Leadership is a hotly discussed topic among intellectuals and business circles. When running a simple towing service business, you will have employees looking and learning from your character and conduct. Leadership is adaptive and fluid. What works today might not work tomorrow. As leaders, we need to where we stand today and what we want to achieve tomorrow.
To help you in understanding the impact each type of leader has on a company, let’s explore common leadership styles.
Democratic leadership is a commonly effective leadership style. The leader makes decisions based on the input of every team member. Although the leader makes the final call, it starts by keenly listening to the views of each member, to help make the final decision. Democratic leadership is one of the most common and effective leadership styles because it allows lower-level employees to exercise their authority and decide on what happens.
This is a rarely effective leadership style and it’s the inverse of democratic leadership. With this leadership style, the leader makes decisions without taking input from anyone who reports to them. Employees are neither consulted or considered before making a decision. They are expected to adhere to the decisions made. An example of a decision under this category is changing work hours and shifts.
This type of leadership is sometimes effective. It is a leadership style characterized by – ‘let them do’. In young startups, you might find this type of leadership style to be common among team members. Founders may put their full trust in their employees while they focus on other aspects of running their business. Although this type of leadership empowers employees through trust, it can hinder their development.
Strategic leadership sits at the intersection of a company’s main operations and its growth opportunities.

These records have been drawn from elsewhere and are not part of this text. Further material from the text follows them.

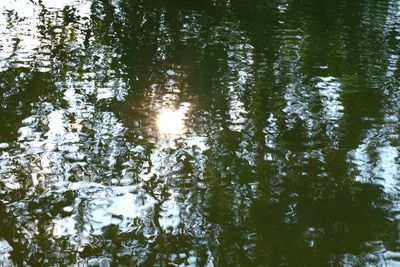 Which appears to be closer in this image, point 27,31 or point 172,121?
point 172,121

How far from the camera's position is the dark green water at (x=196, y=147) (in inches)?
166

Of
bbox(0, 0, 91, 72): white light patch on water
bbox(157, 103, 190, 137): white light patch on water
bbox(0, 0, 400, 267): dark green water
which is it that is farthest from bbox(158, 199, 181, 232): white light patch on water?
bbox(0, 0, 91, 72): white light patch on water

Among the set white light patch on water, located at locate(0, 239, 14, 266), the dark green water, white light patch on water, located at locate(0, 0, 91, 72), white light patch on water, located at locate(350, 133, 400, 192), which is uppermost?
white light patch on water, located at locate(0, 0, 91, 72)

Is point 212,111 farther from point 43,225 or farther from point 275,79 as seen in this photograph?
point 43,225

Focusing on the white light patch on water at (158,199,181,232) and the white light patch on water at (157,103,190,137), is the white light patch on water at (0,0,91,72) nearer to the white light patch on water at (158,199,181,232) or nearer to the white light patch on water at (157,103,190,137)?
the white light patch on water at (157,103,190,137)

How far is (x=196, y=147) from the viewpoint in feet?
18.6

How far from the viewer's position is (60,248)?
405 cm

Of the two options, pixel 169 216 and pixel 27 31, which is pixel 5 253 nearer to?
pixel 169 216

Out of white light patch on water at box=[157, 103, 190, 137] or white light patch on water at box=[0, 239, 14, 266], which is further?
white light patch on water at box=[157, 103, 190, 137]

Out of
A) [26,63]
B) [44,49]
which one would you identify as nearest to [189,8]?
[44,49]

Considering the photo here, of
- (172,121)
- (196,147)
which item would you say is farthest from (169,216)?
(172,121)

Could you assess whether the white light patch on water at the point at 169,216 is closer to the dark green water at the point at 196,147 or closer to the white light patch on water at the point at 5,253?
the dark green water at the point at 196,147

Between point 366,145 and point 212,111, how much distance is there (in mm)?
2031

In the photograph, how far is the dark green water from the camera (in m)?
4.22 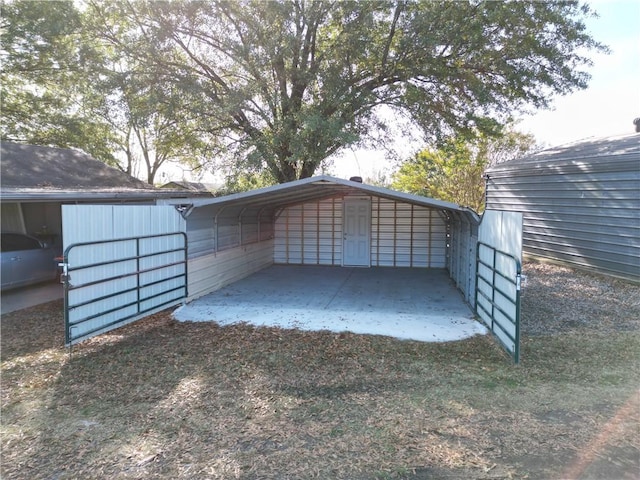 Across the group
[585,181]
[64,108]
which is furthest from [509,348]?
[64,108]

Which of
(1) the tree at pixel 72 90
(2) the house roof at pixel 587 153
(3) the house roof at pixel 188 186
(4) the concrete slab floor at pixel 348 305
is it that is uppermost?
(1) the tree at pixel 72 90

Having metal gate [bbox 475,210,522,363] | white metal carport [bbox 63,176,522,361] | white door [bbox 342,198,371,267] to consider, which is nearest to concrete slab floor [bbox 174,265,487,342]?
white metal carport [bbox 63,176,522,361]

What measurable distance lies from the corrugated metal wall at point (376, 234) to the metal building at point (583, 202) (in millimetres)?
2442

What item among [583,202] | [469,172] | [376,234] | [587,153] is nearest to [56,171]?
[376,234]

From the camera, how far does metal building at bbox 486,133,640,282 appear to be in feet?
28.9

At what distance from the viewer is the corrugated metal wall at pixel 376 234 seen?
41.1 ft

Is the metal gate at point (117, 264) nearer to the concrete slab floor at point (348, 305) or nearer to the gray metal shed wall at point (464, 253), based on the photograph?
the concrete slab floor at point (348, 305)

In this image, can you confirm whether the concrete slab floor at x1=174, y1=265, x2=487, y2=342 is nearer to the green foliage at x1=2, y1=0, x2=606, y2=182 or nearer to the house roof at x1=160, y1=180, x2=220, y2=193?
the green foliage at x1=2, y1=0, x2=606, y2=182

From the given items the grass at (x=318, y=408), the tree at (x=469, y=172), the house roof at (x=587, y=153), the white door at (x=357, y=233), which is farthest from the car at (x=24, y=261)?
the tree at (x=469, y=172)

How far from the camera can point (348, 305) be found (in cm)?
775

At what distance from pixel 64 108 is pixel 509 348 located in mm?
17980

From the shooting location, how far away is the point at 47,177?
1029cm

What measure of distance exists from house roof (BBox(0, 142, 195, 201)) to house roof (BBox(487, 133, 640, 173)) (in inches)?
391

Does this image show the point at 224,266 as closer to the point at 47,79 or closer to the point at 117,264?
the point at 117,264
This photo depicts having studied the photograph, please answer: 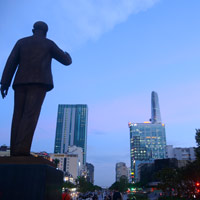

It works with accepting the burden of executive interests while ensuring current working conditions remain as stable as possible. It is a desired leadership style in many companies because strategic thinking supports different types of employee desires. However, leaders operating this way can set very dangerous precedence concerning the number of people they can support at any given time because everyone wants things to go their way.
Transformational leadership is one that is focused on transforming and improving company operations. Employees are provided with a basic set of tasks and goals they have to complete at a given time, be it weekly, monthly, or yearly. However, their leader is always pushing them beyond their comfort zones. When starting a task with this type of leader, employees might get a list of tasks and goals to reach as well as a deadline for reaching them. While the goals might be simple at first, they become more challenging as the deadline nears as a company grows.
Transactional leadership is fairly common today. Managers reward their employees for the exact work they do. People only get bonuses for expectations met and exceeded. When starting a job with this type of leadership, you might receive an incentive at the start of the work to keep you motivated, as you work pon quickly mastering your duties. This leadership style works at establishing roles and responsibilities for each employee, but also encouraging bare minimums.